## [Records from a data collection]
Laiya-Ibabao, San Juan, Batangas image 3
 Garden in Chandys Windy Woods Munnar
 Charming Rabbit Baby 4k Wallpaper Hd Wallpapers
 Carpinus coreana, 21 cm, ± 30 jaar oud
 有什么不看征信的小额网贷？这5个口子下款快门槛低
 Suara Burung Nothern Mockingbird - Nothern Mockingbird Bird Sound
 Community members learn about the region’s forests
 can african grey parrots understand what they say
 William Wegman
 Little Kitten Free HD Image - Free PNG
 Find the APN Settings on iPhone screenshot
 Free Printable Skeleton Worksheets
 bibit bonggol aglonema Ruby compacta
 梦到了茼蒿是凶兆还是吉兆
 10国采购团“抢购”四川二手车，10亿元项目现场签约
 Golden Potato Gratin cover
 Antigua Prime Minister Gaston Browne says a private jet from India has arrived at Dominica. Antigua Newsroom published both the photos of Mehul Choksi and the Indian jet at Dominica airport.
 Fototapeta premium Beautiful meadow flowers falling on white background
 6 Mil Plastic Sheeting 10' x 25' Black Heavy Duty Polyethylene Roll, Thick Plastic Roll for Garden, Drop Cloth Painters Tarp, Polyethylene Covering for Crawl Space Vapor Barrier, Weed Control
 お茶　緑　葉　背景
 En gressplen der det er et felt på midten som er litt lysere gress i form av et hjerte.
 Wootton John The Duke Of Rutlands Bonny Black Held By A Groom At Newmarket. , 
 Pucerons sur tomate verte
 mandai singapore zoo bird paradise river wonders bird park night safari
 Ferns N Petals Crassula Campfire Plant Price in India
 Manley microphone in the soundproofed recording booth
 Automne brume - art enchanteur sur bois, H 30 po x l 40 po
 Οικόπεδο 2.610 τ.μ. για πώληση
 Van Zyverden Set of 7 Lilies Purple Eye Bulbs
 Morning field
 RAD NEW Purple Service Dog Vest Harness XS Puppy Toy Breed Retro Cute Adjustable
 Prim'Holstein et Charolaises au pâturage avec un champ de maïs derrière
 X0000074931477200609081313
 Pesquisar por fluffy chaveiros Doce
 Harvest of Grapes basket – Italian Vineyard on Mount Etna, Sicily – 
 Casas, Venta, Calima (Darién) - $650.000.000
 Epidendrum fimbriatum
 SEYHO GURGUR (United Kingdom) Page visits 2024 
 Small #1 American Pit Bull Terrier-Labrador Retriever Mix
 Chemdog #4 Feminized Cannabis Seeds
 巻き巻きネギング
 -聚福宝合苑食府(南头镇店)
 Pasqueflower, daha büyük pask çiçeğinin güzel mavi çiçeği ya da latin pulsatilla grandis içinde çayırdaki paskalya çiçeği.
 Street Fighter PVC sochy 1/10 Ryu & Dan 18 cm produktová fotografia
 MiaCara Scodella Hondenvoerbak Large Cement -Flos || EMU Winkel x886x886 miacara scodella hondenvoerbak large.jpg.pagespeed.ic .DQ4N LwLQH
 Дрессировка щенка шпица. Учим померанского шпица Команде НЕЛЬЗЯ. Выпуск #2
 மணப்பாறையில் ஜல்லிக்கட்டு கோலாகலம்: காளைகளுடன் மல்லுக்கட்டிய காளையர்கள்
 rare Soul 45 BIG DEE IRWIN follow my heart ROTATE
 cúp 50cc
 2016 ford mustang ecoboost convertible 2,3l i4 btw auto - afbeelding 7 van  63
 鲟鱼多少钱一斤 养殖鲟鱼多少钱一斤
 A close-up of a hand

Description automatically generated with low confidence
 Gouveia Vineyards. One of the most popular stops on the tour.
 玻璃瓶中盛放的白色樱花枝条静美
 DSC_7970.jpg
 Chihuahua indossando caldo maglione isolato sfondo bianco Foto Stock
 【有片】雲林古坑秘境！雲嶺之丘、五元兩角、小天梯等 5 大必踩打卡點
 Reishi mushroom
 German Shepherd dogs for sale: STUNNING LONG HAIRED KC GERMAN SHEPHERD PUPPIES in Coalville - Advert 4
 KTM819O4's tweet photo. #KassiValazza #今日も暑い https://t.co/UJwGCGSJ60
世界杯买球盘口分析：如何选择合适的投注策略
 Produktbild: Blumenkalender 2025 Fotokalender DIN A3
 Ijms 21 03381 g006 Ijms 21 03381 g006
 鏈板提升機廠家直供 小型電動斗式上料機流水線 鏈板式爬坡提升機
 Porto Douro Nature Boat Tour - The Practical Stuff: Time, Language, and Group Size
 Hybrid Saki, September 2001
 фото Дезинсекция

## [Requirement]
Each line of the records above should be copied exactly.

## [Written response]
Laiya-Ibabao, San Juan, Batangas image 3
 Garden in Chandys Windy Woods Munnar
 Charming Rabbit Baby 4k Wallpaper Hd Wallpapers
 Carpinus coreana, 21 cm, ± 30 jaar oud
 有什么不看征信的小额网贷？这5个口子下款快门槛低
 Suara Burung Nothern Mockingbird - Nothern Mockingbird Bird Sound
 Community members learn about the region’s forests
 can african grey parrots understand what they say
 William Wegman
 Little Kitten Free HD Image - Free PNG
 Find the APN Settings on iPhone screenshot
 Free Printable Skeleton Worksheets
 bibit bonggol aglonema Ruby compacta
 梦到了茼蒿是凶兆还是吉兆
 10国采购团“抢购”四川二手车，10亿元项目现场签约
 Golden Potato Gratin cover
 Antigua Prime Minister Gaston Browne says a private jet from India has arrived at Dominica. Antigua Newsroom published both the photos of Mehul Choksi and the Indian jet at Dominica airport.
 Fototapeta premium Beautiful meadow flowers falling on white background
 6 Mil Plastic Sheeting 10' x 25' Black Heavy Duty Polyethylene Roll, Thick Plastic Roll for Garden, Drop Cloth Painters Tarp, Polyethylene Covering for Crawl Space Vapor Barrier, Weed Control
 お茶　緑　葉　背景
 En gressplen der det er et felt på midten som er litt lysere gress i form av et hjerte.
 Wootton John The Duke Of Rutlands Bonny Black Held By A Groom At Newmarket. , 
 Pucerons sur tomate verte
 mandai singapore zoo bird paradise river wonders bird park night safari
 Ferns N Petals Crassula Campfire Plant Price in India
 Manley microphone in the soundproofed recording booth
 Automne brume - art enchanteur sur bois, H 30 po x l 40 po
 Οικόπεδο 2.610 τ.μ. για πώληση
 Van Zyverden Set of 7 Lilies Purple Eye Bulbs
 Morning field
 RAD NEW Purple Service Dog Vest Harness XS Puppy Toy Breed Retro Cute Adjustable
 Prim'Holstein et Charolaises au pâturage avec un champ de maïs derrière
 X0000074931477200609081313
 Pesquisar por fluffy chaveiros Doce
 Harvest of Grapes basket – Italian Vineyard on Mount Etna, Sicily – 
 Casas, Venta, Calima (Darién) - $650.000.000
 Epidendrum fimbriatum
 SEYHO GURGUR (United Kingdom) Page visits 2024 
 Small #1 American Pit Bull Terrier-Labrador Retriever Mix
 Chemdog #4 Feminized Cannabis Seeds
 巻き巻きネギング
 -聚福宝合苑食府(南头镇店)
 Pasqueflower, daha büyük pask çiçeğinin güzel mavi çiçeği ya da latin pulsatilla grandis içinde çayırdaki paskalya çiçeği.
 Street Fighter PVC sochy 1/10 Ryu & Dan 18 cm produktová fotografia
 MiaCara Scodella Hondenvoerbak Large Cement -Flos || EMU Winkel x886x886 miacara scodella hondenvoerbak large.jpg.pagespeed.ic .DQ4N LwLQH
 Дрессировка щенка шпица. Учим померанского шпица Команде НЕЛЬЗЯ. Выпуск #2
 மணப்பாறையில் ஜல்லிக்கட்டு கோலாகலம்: காளைகளுடன் மல்லுக்கட்டிய காளையர்கள்
 rare Soul 45 BIG DEE IRWIN follow my heart ROTATE
 cúp 50cc
 2016 ford mustang ecoboost convertible 2,3l i4 btw auto - afbeelding 7 van  63
 鲟鱼多少钱一斤 养殖鲟鱼多少钱一斤
 A close-up of a hand

Description automatically generated with low confidence
 Gouveia Vineyards. One of the most popular stops on the tour.
 玻璃瓶中盛放的白色樱花枝条静美
 DSC_7970.jpg
 Chihuahua indossando caldo maglione isolato sfondo bianco Foto Stock
 【有片】雲林古坑秘境！雲嶺之丘、五元兩角、小天梯等 5 大必踩打卡點
 Reishi mushroom
 German Shepherd dogs for sale: STUNNING LONG HAIRED KC GERMAN SHEPHERD PUPPIES in Coalville - Advert 4
 KTM819O4's tweet photo. #KassiValazza #今日も暑い https://t.co/UJwGCGSJ60
世界杯买球盘口分析：如何选择合适的投注策略
 Produktbild: Blumenkalender 2025 Fotokalender DIN A3
 Ijms 21 03381 g006 Ijms 21 03381 g006
 鏈板提升機廠家直供 小型電動斗式上料機流水線 鏈板式爬坡提升機
 Porto Douro Nature Boat Tour - The Practical Stuff: Time, Language, and Group Size
 Hybrid Saki, September 2001
 фото Дезинсекция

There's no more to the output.